Als einen Nachfolger der biblischen Propheten möchte ich gerne Kolping verstehen. Er sah sehr genau, was in seiner Zeit die Not der Menschen war. Er spürte sehr genau den Umbruch in der Gesellschaft. Er spürte, wie empfindsam die Menschen auf die Veränderungen reagierten und wie sehr sie herausgefordert waren. Er sah, dass Blindheit für die guten Wege und offensives Vorangehen zum Guten nahe beieinander lagen. Kolping rüttelte sie auf. Er tat das mit den Mitteln seiner Zeit. Und er tat es in der absoluten Überzeugung, dass das Christentum Richtschnur für ethisches und gesellschaftliches Handeln sein musste. Diskussionen, Veröffentlichungen, Predigten und tatkräftiges Zupacken waren sein Weg des Aufrütteln. Mit aller Kraft und unumstößlich setzte er sich ein für die Menschenwürde, für Gerechtigkeit und die Erkenntnis der Gottebenbildlichkeit jedes Menschen.
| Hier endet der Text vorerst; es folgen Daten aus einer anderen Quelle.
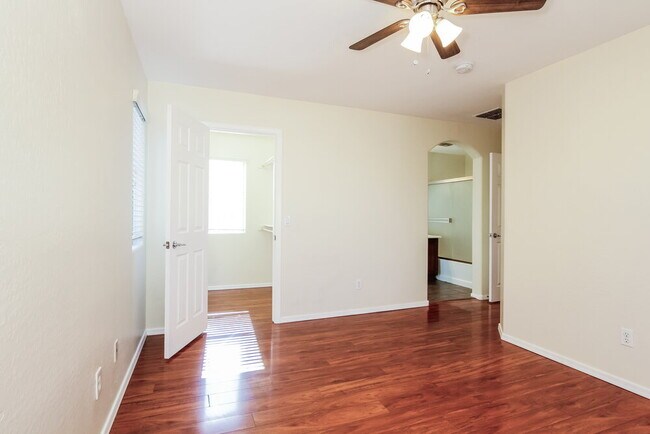 Building Photo - 2519 N 148th Dr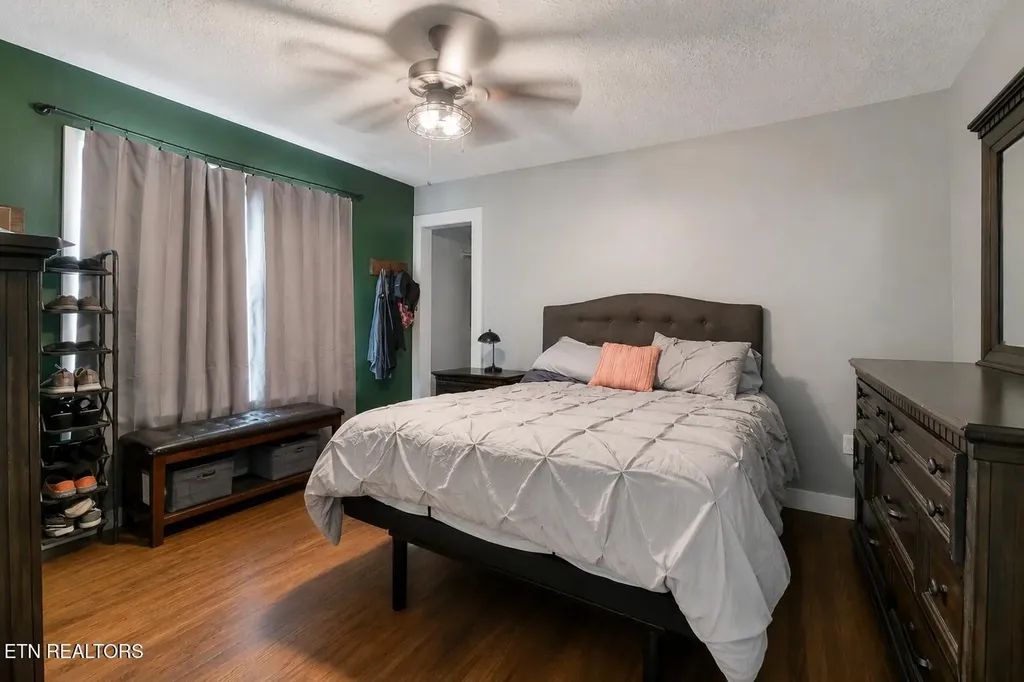 105 Rand Circle Oak Ridge TN 37830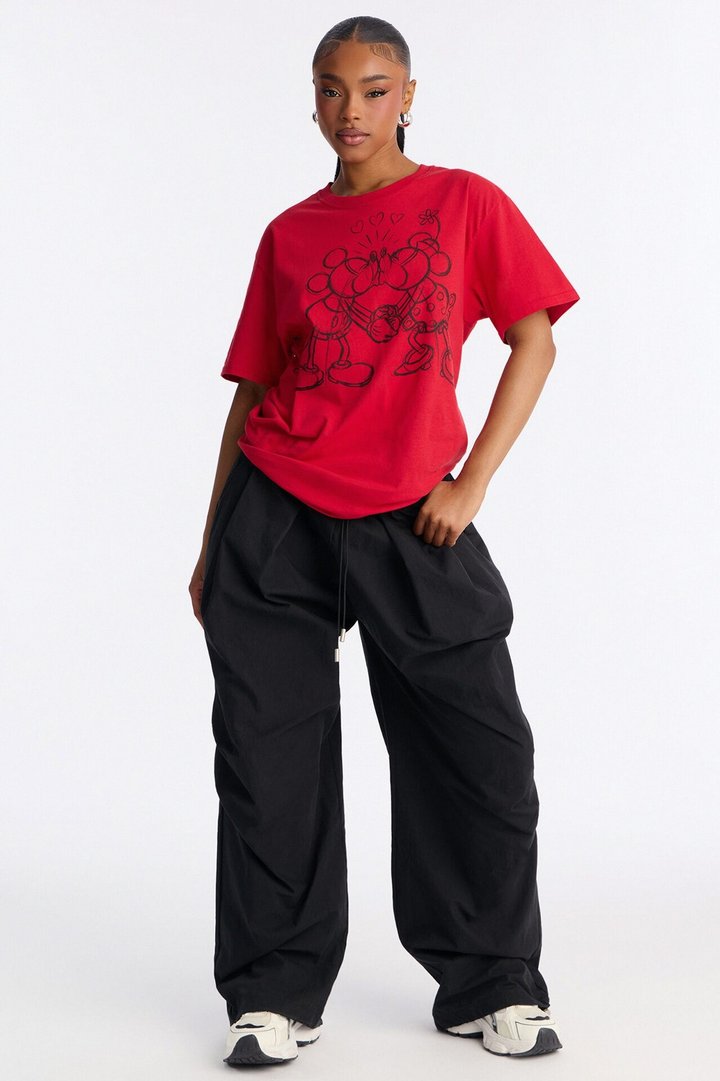 Mickey And Minnie Kissing Sketch Tee - Red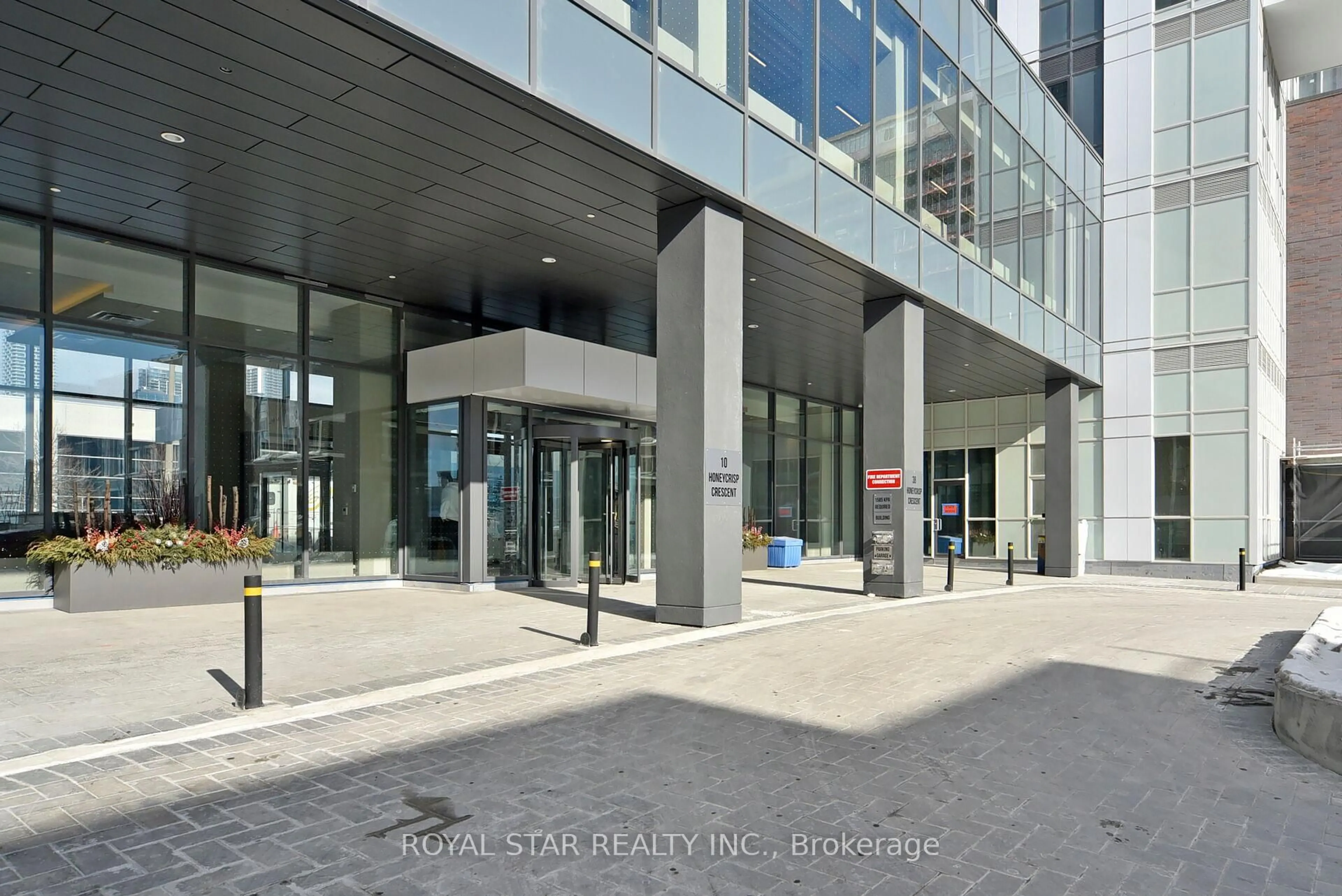 Indoor foyer for 10 Honeycrisp Cres #909, Vaughan Ontario L4K 0M7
Was wären heute Kolpings und damit unsere Themen? In unserer Gesellschaft und in der ganzen Welt erleben wir in der Politik gerade unzählige Situationen, in denen die Lösung – oder auch Erlösung aus dem Dilemma nicht schnell in Sicht ist. Wie reagieren, wenn Menschen in anderen Ländern unterdrückt werden und sich nicht frei bewegen können, weil es die Regierenden verhindern. Nordstream 2 stoppen oder nicht? Wie reagieren auf die Situation in Belarus und ihre Oppositionsführer/-innen, die ins Exil mussten oder jetzt angeklagt werden, weil sie ihre Stimme für die Freiheit erheben? Wie einstehen für die Geflüchteten in den Flüchtlingslagern? Darf man denn lange überlegen, wenn es um die Menschen auf Lesbos geht – unabhängig davon, wer den Brand gelegt hat? Es geht um Menschenleben! Und dann wieder neu: Wie mit Corona in Zukunft umgehen? Wie mit den Folgen umgehen? Gerechtigkeit ist Gottes Weg mit uns.
Als Jesu Jüngerinnen und Jünger, als Kolpingmenschen dürfen wir gelassen darauf vertrauen, dass wir unseren prophetischen Auftrag in der Welt von heute, an unserem Ort finden werden durch unsere absolute Offenheit auf Gottes Weg mit uns.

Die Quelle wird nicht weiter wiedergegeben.